Held: The union's refusal to install the climate control units was secondary activity prohibited by § 8(b)(4)(B), rather than primary activity beyond the reach of that provision. Pp. 429 U. S. 514-532.

(a) The existence of a work preservation agreement is not an adequate defense to a § 8(b)(4)(B) unfair labor practice charge. To hold, as the Court of Appeals did, that a work stoppage is necessarily primary, and not an unfair labor practice when it aims at enforcing a legal promise in a collective bargaining agreement is inconsistent with the statute as construed in Carpenters v.

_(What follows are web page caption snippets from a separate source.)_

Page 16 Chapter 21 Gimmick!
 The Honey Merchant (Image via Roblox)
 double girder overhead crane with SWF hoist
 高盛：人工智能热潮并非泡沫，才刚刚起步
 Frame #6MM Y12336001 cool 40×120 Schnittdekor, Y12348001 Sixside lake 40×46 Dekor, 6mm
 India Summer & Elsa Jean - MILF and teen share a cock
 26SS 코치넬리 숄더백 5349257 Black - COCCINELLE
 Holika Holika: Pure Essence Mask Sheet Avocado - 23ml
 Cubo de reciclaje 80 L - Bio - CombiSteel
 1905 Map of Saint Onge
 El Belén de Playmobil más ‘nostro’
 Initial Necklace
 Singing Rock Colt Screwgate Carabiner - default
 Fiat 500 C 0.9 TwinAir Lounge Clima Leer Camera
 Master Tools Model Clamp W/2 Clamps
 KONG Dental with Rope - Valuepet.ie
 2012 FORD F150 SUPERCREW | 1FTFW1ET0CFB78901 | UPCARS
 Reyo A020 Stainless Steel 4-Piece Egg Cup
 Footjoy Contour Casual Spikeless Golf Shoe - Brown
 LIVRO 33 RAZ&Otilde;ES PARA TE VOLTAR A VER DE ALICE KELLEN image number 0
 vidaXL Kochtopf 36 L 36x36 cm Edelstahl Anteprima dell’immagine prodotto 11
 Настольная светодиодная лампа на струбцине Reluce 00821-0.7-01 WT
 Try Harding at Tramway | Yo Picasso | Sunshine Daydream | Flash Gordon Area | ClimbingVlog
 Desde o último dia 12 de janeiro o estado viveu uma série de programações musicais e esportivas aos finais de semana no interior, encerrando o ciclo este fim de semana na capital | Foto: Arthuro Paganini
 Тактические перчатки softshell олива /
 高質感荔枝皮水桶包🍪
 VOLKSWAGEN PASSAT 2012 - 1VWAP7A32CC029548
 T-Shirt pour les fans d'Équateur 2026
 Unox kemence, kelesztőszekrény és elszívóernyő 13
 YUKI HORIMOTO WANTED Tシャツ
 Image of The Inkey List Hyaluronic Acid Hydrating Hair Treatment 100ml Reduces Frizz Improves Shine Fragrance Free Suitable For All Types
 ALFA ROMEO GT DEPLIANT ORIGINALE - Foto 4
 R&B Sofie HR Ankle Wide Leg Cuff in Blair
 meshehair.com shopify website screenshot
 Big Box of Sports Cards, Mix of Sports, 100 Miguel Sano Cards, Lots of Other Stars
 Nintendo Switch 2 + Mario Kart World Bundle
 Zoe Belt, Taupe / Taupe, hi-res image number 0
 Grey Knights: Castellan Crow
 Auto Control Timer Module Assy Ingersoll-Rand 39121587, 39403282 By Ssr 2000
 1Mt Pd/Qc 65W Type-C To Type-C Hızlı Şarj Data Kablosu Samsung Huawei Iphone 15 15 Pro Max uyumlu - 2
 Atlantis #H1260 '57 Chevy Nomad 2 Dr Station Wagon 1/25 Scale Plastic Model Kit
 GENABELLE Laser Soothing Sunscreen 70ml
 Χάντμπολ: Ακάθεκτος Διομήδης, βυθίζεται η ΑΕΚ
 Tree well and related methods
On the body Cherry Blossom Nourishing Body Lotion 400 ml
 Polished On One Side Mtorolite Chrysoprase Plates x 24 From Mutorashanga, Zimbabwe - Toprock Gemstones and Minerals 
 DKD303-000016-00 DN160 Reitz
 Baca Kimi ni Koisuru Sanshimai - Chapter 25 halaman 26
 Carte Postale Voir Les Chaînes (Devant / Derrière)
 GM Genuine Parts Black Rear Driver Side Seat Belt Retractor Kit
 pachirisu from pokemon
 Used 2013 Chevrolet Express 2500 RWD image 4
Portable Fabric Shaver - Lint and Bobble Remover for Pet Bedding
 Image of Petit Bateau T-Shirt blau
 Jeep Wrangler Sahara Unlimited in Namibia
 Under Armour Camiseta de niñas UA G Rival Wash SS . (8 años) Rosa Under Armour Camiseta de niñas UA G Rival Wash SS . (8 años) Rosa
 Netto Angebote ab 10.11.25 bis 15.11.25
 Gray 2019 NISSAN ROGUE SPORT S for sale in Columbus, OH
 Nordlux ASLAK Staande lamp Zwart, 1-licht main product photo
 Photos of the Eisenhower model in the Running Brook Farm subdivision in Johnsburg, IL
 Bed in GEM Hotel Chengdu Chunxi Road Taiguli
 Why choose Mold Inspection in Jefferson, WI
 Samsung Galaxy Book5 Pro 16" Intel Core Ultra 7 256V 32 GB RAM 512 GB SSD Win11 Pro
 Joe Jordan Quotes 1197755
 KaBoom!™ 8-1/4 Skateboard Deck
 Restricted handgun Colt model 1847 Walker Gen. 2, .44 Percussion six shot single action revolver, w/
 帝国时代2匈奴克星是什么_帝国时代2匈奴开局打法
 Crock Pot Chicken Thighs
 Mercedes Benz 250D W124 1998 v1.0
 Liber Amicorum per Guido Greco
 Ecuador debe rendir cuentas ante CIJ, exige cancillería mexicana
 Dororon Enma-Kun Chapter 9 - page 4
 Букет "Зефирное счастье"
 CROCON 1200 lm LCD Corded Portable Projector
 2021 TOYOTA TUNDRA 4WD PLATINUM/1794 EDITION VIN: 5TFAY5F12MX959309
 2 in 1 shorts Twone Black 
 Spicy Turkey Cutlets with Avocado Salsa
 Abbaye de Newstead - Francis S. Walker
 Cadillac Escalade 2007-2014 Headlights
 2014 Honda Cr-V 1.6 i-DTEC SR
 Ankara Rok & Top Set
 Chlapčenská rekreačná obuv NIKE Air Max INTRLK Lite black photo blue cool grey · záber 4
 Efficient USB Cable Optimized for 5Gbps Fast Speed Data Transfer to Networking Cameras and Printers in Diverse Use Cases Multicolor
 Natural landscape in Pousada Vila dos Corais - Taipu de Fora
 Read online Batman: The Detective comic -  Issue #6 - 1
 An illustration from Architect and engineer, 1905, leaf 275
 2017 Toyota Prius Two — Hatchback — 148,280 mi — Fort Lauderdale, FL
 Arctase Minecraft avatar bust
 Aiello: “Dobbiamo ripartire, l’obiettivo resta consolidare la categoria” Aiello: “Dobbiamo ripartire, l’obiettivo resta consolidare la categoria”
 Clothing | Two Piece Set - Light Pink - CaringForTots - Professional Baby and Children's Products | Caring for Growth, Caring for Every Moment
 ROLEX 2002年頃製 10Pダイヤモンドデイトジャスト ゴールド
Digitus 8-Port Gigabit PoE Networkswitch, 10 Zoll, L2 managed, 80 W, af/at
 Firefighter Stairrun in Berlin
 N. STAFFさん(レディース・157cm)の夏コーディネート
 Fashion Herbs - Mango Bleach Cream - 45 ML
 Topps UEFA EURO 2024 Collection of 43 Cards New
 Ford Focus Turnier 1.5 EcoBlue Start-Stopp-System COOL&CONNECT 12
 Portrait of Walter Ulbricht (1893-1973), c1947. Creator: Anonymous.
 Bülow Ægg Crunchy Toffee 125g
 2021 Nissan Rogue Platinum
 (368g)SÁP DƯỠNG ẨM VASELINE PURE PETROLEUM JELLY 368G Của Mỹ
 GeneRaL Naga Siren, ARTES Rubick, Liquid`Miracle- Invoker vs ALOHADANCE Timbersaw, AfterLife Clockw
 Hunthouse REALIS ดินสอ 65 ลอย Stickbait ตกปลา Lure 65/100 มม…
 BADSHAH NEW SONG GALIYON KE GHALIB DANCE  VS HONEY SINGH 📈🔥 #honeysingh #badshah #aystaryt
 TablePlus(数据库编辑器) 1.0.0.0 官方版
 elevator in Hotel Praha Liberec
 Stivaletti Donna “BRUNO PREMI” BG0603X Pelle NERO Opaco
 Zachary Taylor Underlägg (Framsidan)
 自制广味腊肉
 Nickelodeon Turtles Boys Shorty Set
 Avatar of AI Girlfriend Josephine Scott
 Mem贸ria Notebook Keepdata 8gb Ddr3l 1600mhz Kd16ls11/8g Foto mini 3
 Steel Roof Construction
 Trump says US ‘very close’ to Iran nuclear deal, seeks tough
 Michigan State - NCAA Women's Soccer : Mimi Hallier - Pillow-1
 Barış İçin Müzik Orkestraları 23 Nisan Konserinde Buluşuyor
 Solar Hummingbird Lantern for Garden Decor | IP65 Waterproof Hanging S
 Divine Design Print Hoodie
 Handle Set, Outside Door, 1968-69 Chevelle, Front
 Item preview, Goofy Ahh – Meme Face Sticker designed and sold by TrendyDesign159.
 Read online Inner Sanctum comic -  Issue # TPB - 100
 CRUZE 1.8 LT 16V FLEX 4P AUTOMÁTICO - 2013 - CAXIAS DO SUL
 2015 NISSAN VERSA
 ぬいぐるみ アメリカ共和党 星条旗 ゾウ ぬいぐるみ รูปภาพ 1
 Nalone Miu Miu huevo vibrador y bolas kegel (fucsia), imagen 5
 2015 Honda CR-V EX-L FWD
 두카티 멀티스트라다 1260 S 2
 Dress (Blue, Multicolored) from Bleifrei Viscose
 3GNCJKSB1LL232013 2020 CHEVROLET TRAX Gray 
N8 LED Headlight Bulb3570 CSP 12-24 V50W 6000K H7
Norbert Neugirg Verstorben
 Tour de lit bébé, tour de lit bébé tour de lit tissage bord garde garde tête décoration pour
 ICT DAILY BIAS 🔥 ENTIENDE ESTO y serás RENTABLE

NLRB,357 U. S. 93 (Sand Door), a construction that was accepted and that has never been abandoned by Congress. Pp. 429 U. S. 514-521.

(b) The Court of Appeals also erred in taking the view that the NLRB's "control" test, under which the union commits an unfair labor practice under § 8(b)(4)(B) when it coerces an employer in order to obtain work that the employer has no power to assign, is invalid as a matter of law because it fails to comply with the standard of National Woodwork Mfrs. Assn. v. NLRB,386 U. S. 612, that the union's conduct be judged in light of all the relevant circumstances. It does not appear that either the Administrative Law Judge or the NLRB, in agreeing with him, articulated a different standard from that recognized as proper in National Woodwork, or that the NLRB, in applying its control test, failed to consider all of the relevant circumstances. Pp. 429 U. S. 521-528.

(c) The record amply supports the NLRB's conclusion that the union's objectives were not confined to the employment relationship with Hudik, but included the object of influencing Austin in a manner prohibited by § 8(b)(4)(B). Pp. 429 U. S. 528-531.

(d) The Court of Appeals was obliged to review the case under the statutory standard of whether the NLRB's findings were "supported by substantial evidence on the record considered as a whole," and thus, in reweighing the facts and setting aside the NLRB's order, the Court of Appeals improperly substituted its own views of the facts for those of the NLRB. Pp. 429 U. S. 531-532.

172 U.S.App.D.C. 225, 521 F.2d 885, reversed.

WHITE, J., delivered the opinion of the Court, in which BURGER, C.J., and BLACKMUN, POWELL REHNQUIST, and STEVENS JJ., joined. BRENNAN,

Page 429 U. S. 509

J., filed a dissenting opinion, in which STEWART (except for Part V) and MARSHALL, JJ., joined, post, p. 429 U. S. 532. STEWART, J., filed a dissenting statement, post, p. 429 U. S. 543.